Patrick Buisson est intouchable depuis la campagne présidentielle de 2007. En mars de cette année-là, le centriste François Bayrou monte dangereusement dans les sondages, Nicolas Sarkozy décide alors avec Patrick Buisson de donner un coup de barre à droite, en proposant la création du ministère de l'identité nationale. La manœuvre réussit.

Lorsqu'il lui remet la Légion d'honneur en septembre 2007, M. Sarkozy explique que c'est grâce à ce conseiller venu de l'extrême droite qu'il a été élu. Le chef de l'Etat lui propose un poste de conseiller spécial à l'Elysée. M. Buisson refuse, préfère rester dans l'ombre et facturer moult prestations et sondages, avant que la Cour des comptes n'y mette le holà. M. Buisson fait partie de ceux qui peuvent avoir au téléphone le président chaque jour. Il était l'un des rares à pouvoir faire passer des notes sans passer le filtre du secrétaire général de l'Elysée, Claude Guéant.

Quand tout va bien, M. Buisson est moins présent. Ainsi connut-il une éclipse, à partir de la présidence française de l'Union européenne, fin 2008, avant de revenir un an plus tard, en pleine polémique sur le fils du président, Jean Sarkozy, pressenti pour présider le quartier d'affaires de la Défense. "Lorsque le président se sent fragilisé, il appelle Buisson au secours", estime un ancien conseiller de l'Elysée.

ACCUSÉ DE DÉRIVES DROITIÈRES

Devant les responsables de l'UMP, M. Sarkozy s'est voulu rassurant : en 2002, Jean-Marie Le Pen avait créé la surprise deux semaines avant l'élection. Là, le choc se produit un an avant l'élection. L'Elysée juge difficile de contrer Marine Le Pen. Naguère, il suffisait de rappeler les déclarations de son père sur la Shoah pour clore le débat. Marine Le Pen, elle, évite soigneusement ces erreurs. En mettant en avant la divergence UMP-FN sur l'euro, Jean-François Copé a fait sauter un verrou : "On rentre dans le débat politique, alors que 50 % des Français ont voté contre à Maastricht", estime ce conseiller.

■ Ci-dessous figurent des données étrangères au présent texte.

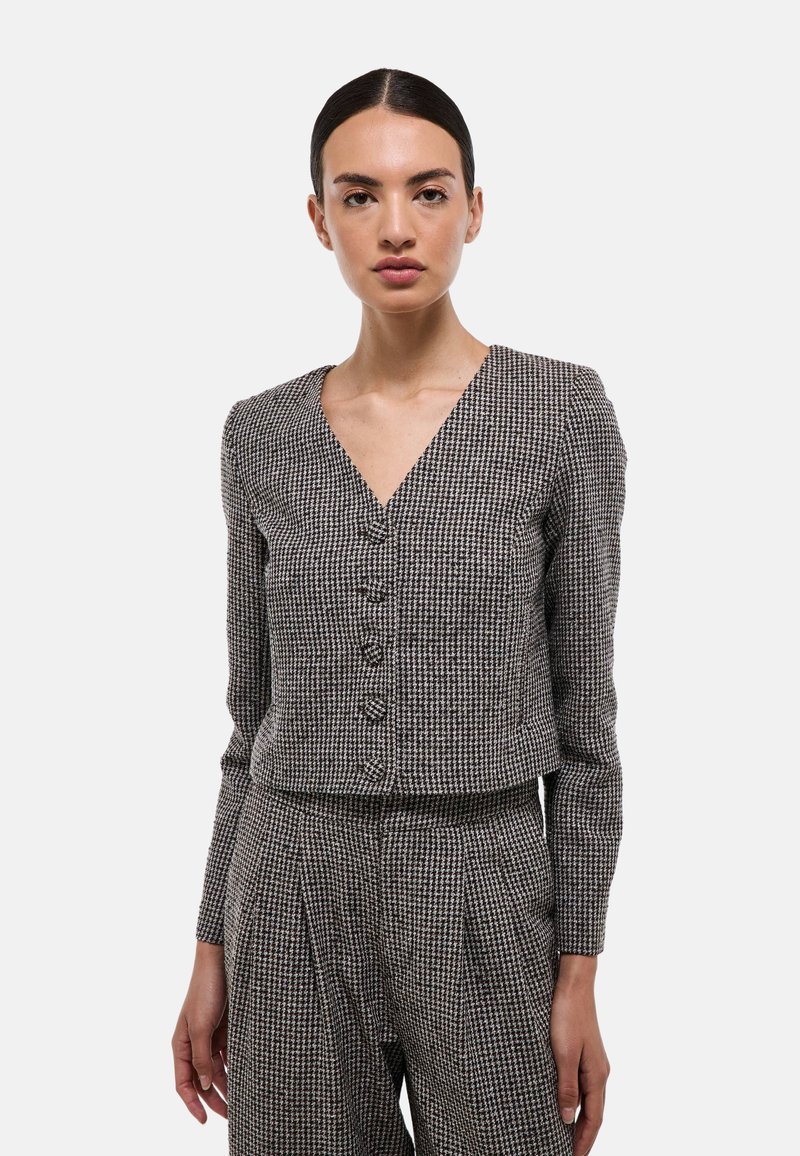 Blazer noir et blanc à motif pied de poule avec un col en V, des manches longues et cinq boutons. Tissu texturé avec une coupe ajustée.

Patrick Buisson, qui plaida pour envoyer des signaux à l'électorat catholique, n'est pas à l'origine de tout. Bruxelles voyait la main d'Henri Guaino à chaque fois que M. Sarkozy prenait une décision jugée anti-européenne. De même, beaucoup accusent M. Buisson d'être à l'origine de toutes les dérives droitières. A l'Elysée, nul n'en doute : les décisions, c'est le président qui les prend.